Like many other girls, I’d like to think that I go for nice boys, and I really want to end up with a nice boy, but there’s just something so enticing about the bad boys, that I just keep going back to. I hate to admit that Taylor Swift was right when she said ‘I knew you were trouble when you walked in’ (gag at my awful quote), but the amount of times this has applied to my life is really just embarrassing.
There’s been plenty of times where a nice boy has been after me, while i’m too busy chasing a bad boy. And why is this? I guess most of us like the chase, but maybe sometimes the nice boys are just too nice. As awful as that sounds, I don’t want someone to give me the world and grovel at my feet, (even though that’s what I do with the bad boys), I want excitement and thrill. I don’t want just nice. I want nice when i’m older and ready to settle down (this sounds absolutely self centered, apologies). For myself, I like to see the good in everyone, if someone treats me like shit, I keep going back to them, forgiving them, because all people are good deep down, aren’t they?

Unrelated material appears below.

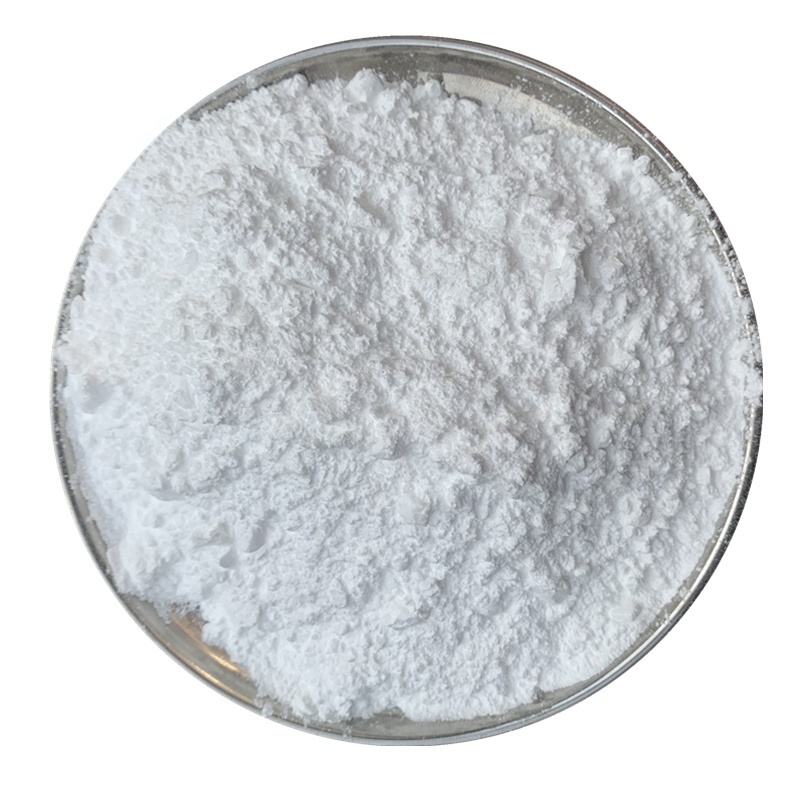 Thickener food Distilled Glycerin Monostearate DMG 95 GMS 90% Monostearate Distilled monoglycerides for margarine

But don’t get me wrong, I don’t always go for the douchey guys, there’s been plenty of times I’ve been after the nice guy, like right now.
I have mentioned him in a previous post, and he is the epitome of a nice guy, and not the nice guy that you get bored of, he’s pretty much everything I’d want in a person. I thought the first time was a mistake, if that’s the case, it’s the best ‘mistake’ I’ve ever mad, and can’t wait to keep making that ‘mistake’.
The only thing is, what have I done to deserve this good? How long will this fairytale last?